Integrated Management in Crops

It is important to prevent the introduction of cheatgrass via contaminated seeds or equipment and limit seed production in established cheatgrass patches to reduce abundance and spread. Other approaches include diversifying crop rotation and enhancing crop competitiveness by increasing seeding rate and decreasing row spacing. Banding N fertilization enhances crop competitiveness, thus decreasing cheatgrass growth. Finally, while tillage is a very effective tactic to reduce cheatgrass density, take caution to minimize soil erosion.

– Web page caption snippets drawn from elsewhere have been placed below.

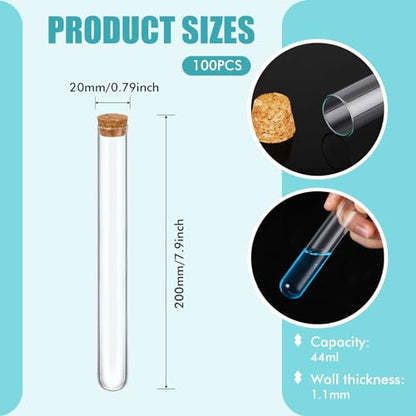 Thyle 100PCS Glass Test Tubes with Cork Clear Stoppers Round Bottom Lab Test Alcohol Tampons Glass Tubes Container Vials for Plants Scientific Experiments Candy Storage Party Favors (20x200mm/44ml) - size: 20x200mm/44ml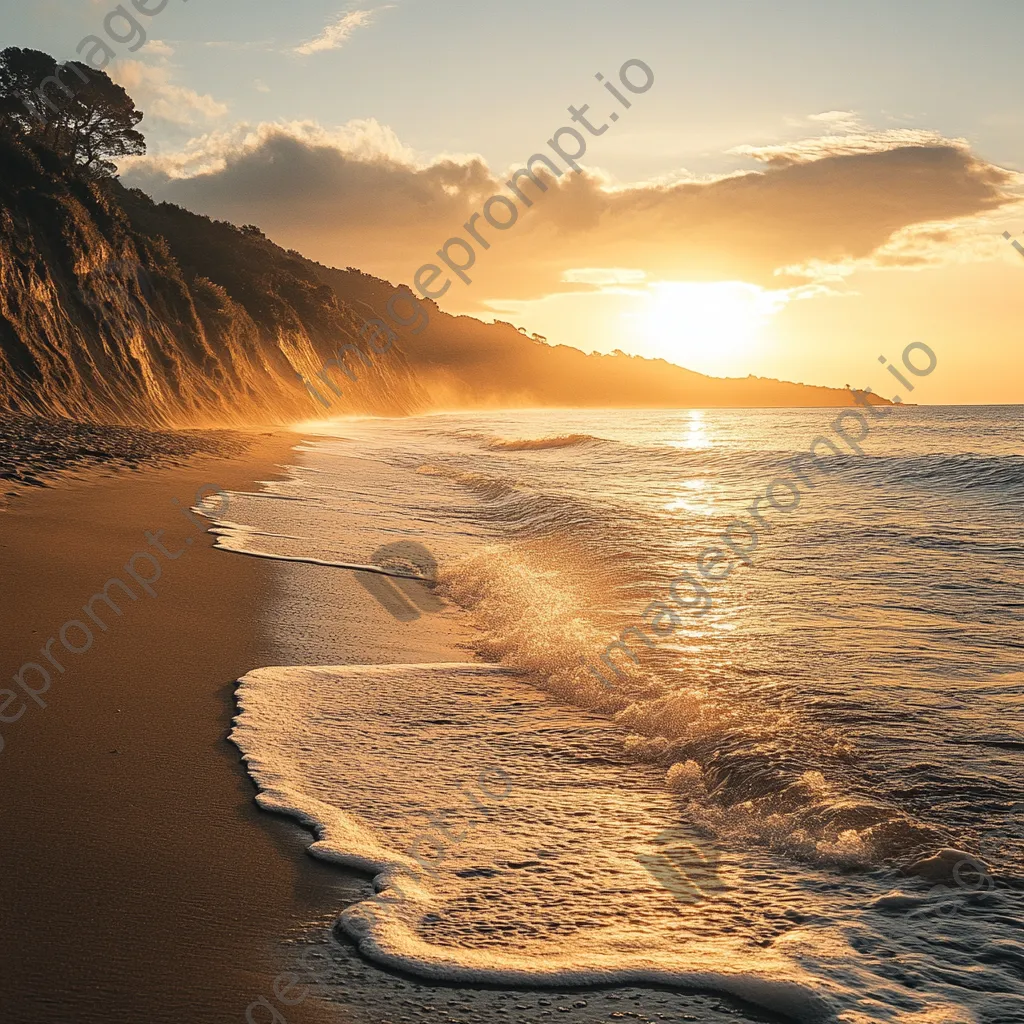 Sunset at beach where river meets ocean - Image 2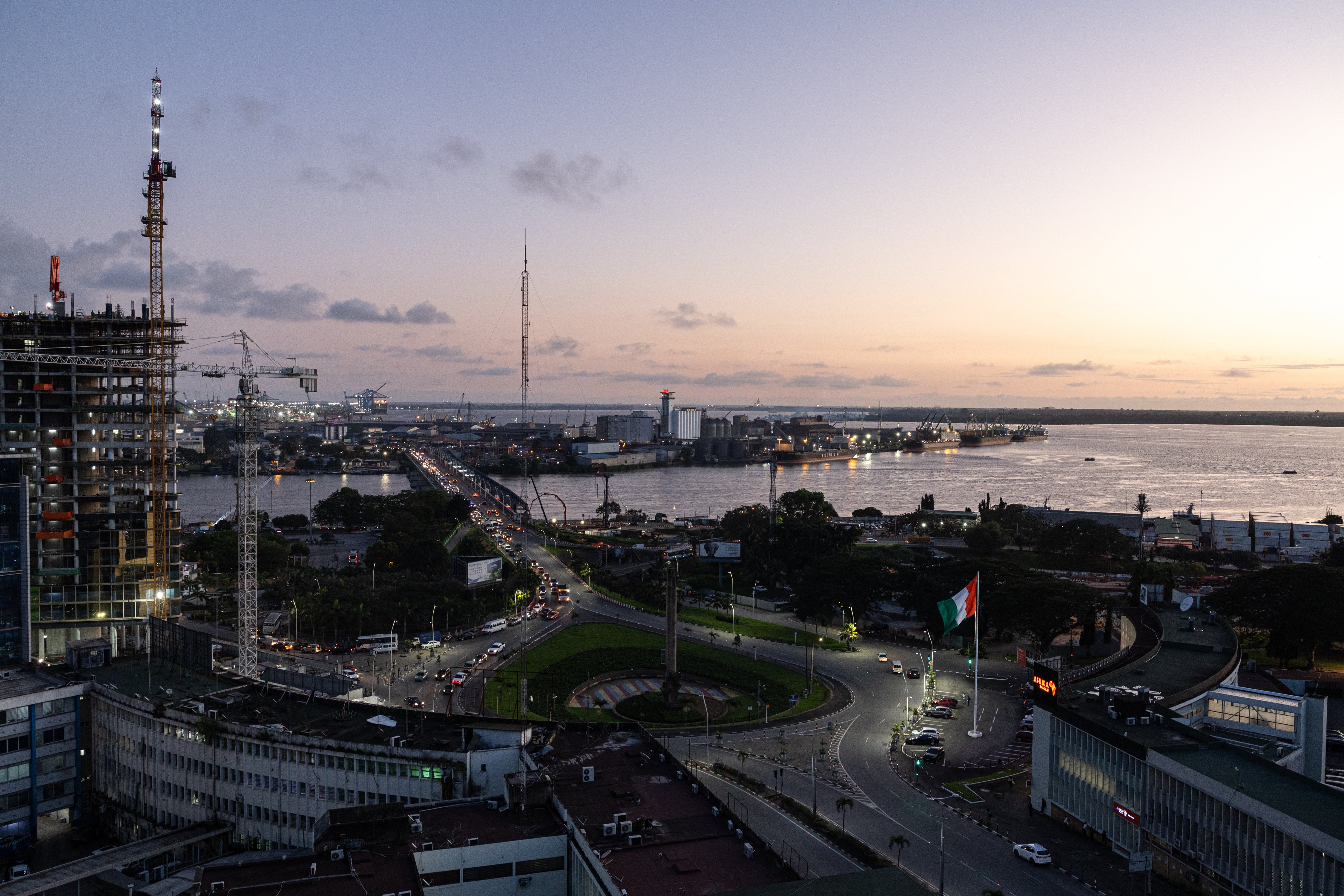 A general view of roads leading up to the port of Abidjan, which is the commercial hub of Côte d'Ivoire (AFP/Getty)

As a general rule, early fall herbicide treatments are more effective to control emerged plants than spring treatments. Herbicide applications after spring wheat emergence usually fail to provide effective control, allowing cheatgrass plants to produce seeds. There are several chemical management options to reduce the abundance and impact of cheatgrass in winter wheat crops. Registered selective herbicides that provide suppression or control of cheatgrass in winter wheat include Finesse® (chlorsulfuron), Maverick® (sulfosulfuron) applied postemergence, Powerflex HL® (pyroxsulam), Beyond® and ClearMax® (imazamox), Olympus™ (propoxycarbazone), and Olympus Flex™ (propoxycarbazone). In pulse crops (e.g., lentils) Assure II®(quizalofop) and Select Max ® (clethodim) can be used to manage cheatgrass infestations. Producers who grow pulse and other broadleaf crops should check labels for re-cropping intervals in order to prevent herbicide carryover and injury. Other herbicide-based management options can be found witht the Herbicide Selection Tool available on-line at http://www.sarc.montana.edu/php/weeds/.

To be effective, herbicides should be applied to actively growing cheatgrass seedlings. Products that have soil activity (Maverick®, Olympus™ and PowerFlex™) require moisture after application to perform properly. Beyond® and ClearMax® herbicides must be used with crop cultivars that contain the gene that confers tolerance to imazamox as part of the Clearfield® Production System. Tolerance to imazamox means that the crop with the gene is able to withstand a recommended rate of Beyond® or ClearMax® with minimal risk of crop injury. Varieties that do not contain this gene are either killed or seriously injured by these herbicides.

Preventing Herbicide Resistance

Herbicide resistance is the ability of a weed biotype to survive and reproduce after treatment with a normally lethal herbicide dose. In Montana, cheatgrass biotypes resistant to ALS herbicides (inhibitors of the acetolactate synthase enzyme) have been confirmed. Biotypes resistant to ALS herbicides and ACCace herbicides (inhibitors of Acetyl CoA Carboxylase) have been selected in Oregon. Other cases of herbicide resistance in cheatgrass include Ureas and Amides (Spain), and Photosystem II inhibitors (Spain and France). To reduce the risk of selecting herbicide-resistant biotypes, producers should rotate among herbicides with different sites of action and management practices, such as incorporating timely cultivation. Finally, crop rotation is an excellent tool to reduce selective pressure on herbicide-resistant weeds. More information can be found in Montguide MT200506AG, Preventing and Managing Herbicide-Resistant Weeds in Montana.

Note: Information in this document is provided for educational purposes only. Reference to commercial products or trade names does not imply an endorsement by MSU Extension. Common chemical and trade names are used in this publication for clarity by the reader. Inclusion of a common chemical or trade name does not imply endorsement of that product or brand of herbicide and exclusion does not imply non-approval. This publication is not intended to replace the product label.